For decades, the Arab League had few admirers among Mideast commentators, and probably fewer still among the average citizens of the 22 mostly autocratic states that comprise its governing body.
But a week after dozens of league observers entered Syria to monitor a December peace agreement between the Syrian government of Bashar al-Assad and the league, its popularity may finally be nearing rock bottom.
The comments of mission head Lt. Gen. Mohamed al-Dabi, a former Sudanese intelligence chief, are a major reason for this, according to several Arab media figures. After visiting the restive city of Homs last week, Dabi declared to news media, “Some places looked a bit of a mess, but there was nothing frightening.” Homs has been at the center of anti-government protests that began in March. Amid a brutal crackdown by the government and rising violence by some opposition-aligned groups, approximately 5,000 people have died since.
More than 150 people are believed to have been killed in just the week since the observers arrived. Their mission is to verify that, in accordance with the December agreement, both sides end the violence and the government withdraws security forces from the cities and releases detainees estimated in the tens of thousands.
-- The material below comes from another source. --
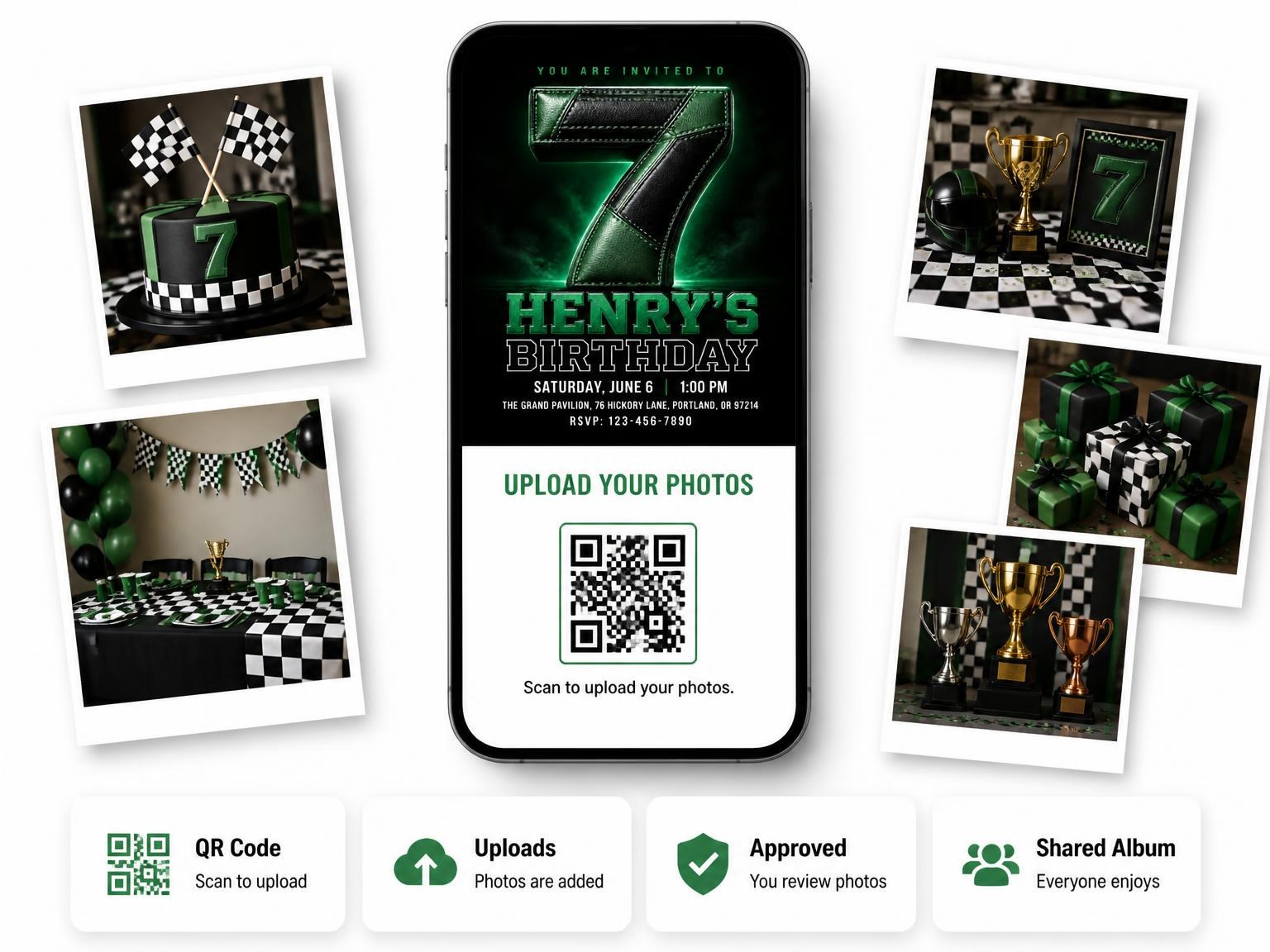The shared photo gallery that comes with the Neon Sports 7th Birthday Invitation invitation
Noting that Dabi is tightly affiliated with the regime of Sudanese President Omar Bashir, who is wanted for war crimes by the International Criminal Court, columnist Mshari al-Zaydi of the London-based Asharq al-Awsat demanded: “General al-Dabi, go back to Sudan and observe the murders and the forcible displacements there, instead of being applauded for assisting the murders of people in Homs, Hama, Daraa and Jabal al-Zawiya,” a reference to other flashpoint cities in Syria.
Writing in the London-based Al-Hayat, columnist Abd-al-Wahab Badrakhan argued that the observer effort had been hamstrung from the outset. “The observers arrived too late,” he said, and “were too few in number, and with dubious credibility.” They have found only “a nervous authority to receive them, exhausted and ready to commit the massacre that it promised in Homs.”
The bigger problem was not the mechanics of the mission, Badrakhan stressed. Rather, there was and still is no credible roadmap for a long-term political settlement after the Arab League observers report in coming days on whether the Syrian government and its opponents have complied with the limited terms of the December agreement. “What else after this week? Another week?” he asked despairingly, suggesting that a step backward to even greater violence was in the offing.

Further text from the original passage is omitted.